Viewed from any angle, it’s an unexpected story, and Ghogar knows it.
“I went from zero to 100 almost overnight,” says Ghogar, who graduated with a degree in finance and economics in 2017. “The learning curve has been extremely steep.”
Be that as it may, get Ghogar talking about Carro, and he’ll wax eloquent about how the company is unlike any other that exists in Asia right now, and how it has taken on the challenge of addressing the problems within a market that had long been fragmented over a lack of transparency and trust. And how, by doing so, Carro has tried to shake up an industry that Ghogar says has been stagnant for decades.
He’ll tell you how he takes a Maslow’s hierarchy of needs approach to helping dealers of used cars address the challenges of supply and demand. And how Carro enables private dealers to sell their cars at a profit. And that, once those needs have been met, Carro provides dealers with capital to expand their business.
“Our company has tried to emerge as that one trusted party that all stakeholders can trust, whether it is the seller, the agent or the dealership,” says Ghogar. “That’s how we’ve branded ourselves, and how we cater to all our stakeholders.”
The most rewarding aspect of the job for Ghogar is hearing first-hand from clients, especially those operating outside Bangkok, that they’ve seen a growth in their revenue after using Carro’s services. The second best part? The people he works with, many of whom, like him, are also in the early stages of their careers.
“Seeing the people who haven’t come from this industry, but really are thriving, and being able to build something which hasn’t been built before in the country, disrupting an industry which has been plagued with all sorts of issues for the past decade,” he says of his staff of around 120 employees.
One of those people is Chainarin Pongpornprot, a fellow Thai native and recent Northeastern graduate who studied business administration and finance. He and Ghogar met as members of a Thai club on the Boston campus and stayed in touch.

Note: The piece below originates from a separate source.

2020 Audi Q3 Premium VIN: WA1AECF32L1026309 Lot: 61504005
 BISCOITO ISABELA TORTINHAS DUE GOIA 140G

When Pongpornprot joined Carro early this year as part of the business development team, he found that there was no time to waste.
“It’s very fast-paced,” he says. “It’s like all hands on board all the time. Everything needs to be done in a matter of hours, which a big company usually takes weeks to plan and execute. We’re like, today it needs to go out, and everyone is rushing all the time to get things done.”
A third-generation Thai Indian, Ghogar developed an interest early on in finance and technology, and in how their overlapping effect can help improve people’s lives. As a student at NIST International School in Bangkok, he worked for a micro-development bank that loaned employees money to grow their businesses on the side.
He continued exploring those interests as a finance and management information systems student at Northeastern, where he completed co-ops in Boston, New York City, and India.
By that third co-op, Ghogar, who had recently caught the startup bug, was ready to take a break from the corporate landscape and try something new. He signed on to work for a software company in Bangalore, where, he says, he crossed paths with entrepreneurs who claimed they were building sustainable businesses, only their companies didn’t actually solve problems or offer real value. In a way, it was his most transformational co-op experience, Ghogar says, because it helped him decide what he didn’t want to be.
“I quickly realized that I didn’t want to be this type of entrepreneur, someone who started a business just for the sake of it; a makes-it-to-the-top-quick sort of entrepreneur,” he says.
Wanting to make a bigger difference, he set his eyes on consulting or joining a small company after graduation. Then Carro fell into his lap.
“This opportunity really came as a blessing,” he says. “It’s definitely not what I expected coming out of college, but it was in line with the experiences that I was looking for—something that would throw me into the deep end, and allow me to learn to one day go off and become a better leader, become a better businessman.”
At Carro, he has an opportunity to work toward those goals every day.
“I’m able to really get my hands dirty,” he says. No pun intended.
In addition to running Carro, Ghogar is a member of Northeastern’s Young Global Leaders program, which comprises more than 100 recent graduates who advise university leadership and help to strengthen Northeastern’s network of international alumni.
As a member of the program, Ghogar is one of a number of alumni around the world who is helping to mobilize events to share their stories in order to help inspire and shape the Northeastern entrepreneurship ecosystem. He’s holding a round table on Nov. 13 in Bangkok that will take place in advance of Global Entrepreneurship Week, a worldwide celebration of entrepreneurship and innovation taking place Nov. 18-24.
Ghogar is also on the planning committee of the next installment of Northeastern’s annual Global Leadership Summit.The two-day event, which kicks off Feb. 29, will bring together Northeastern leaders, including President Joseph E. Aoun, with the university’s global community, business executives, and others to discuss the future of higher education and corporate social responsibility in India, among other topics.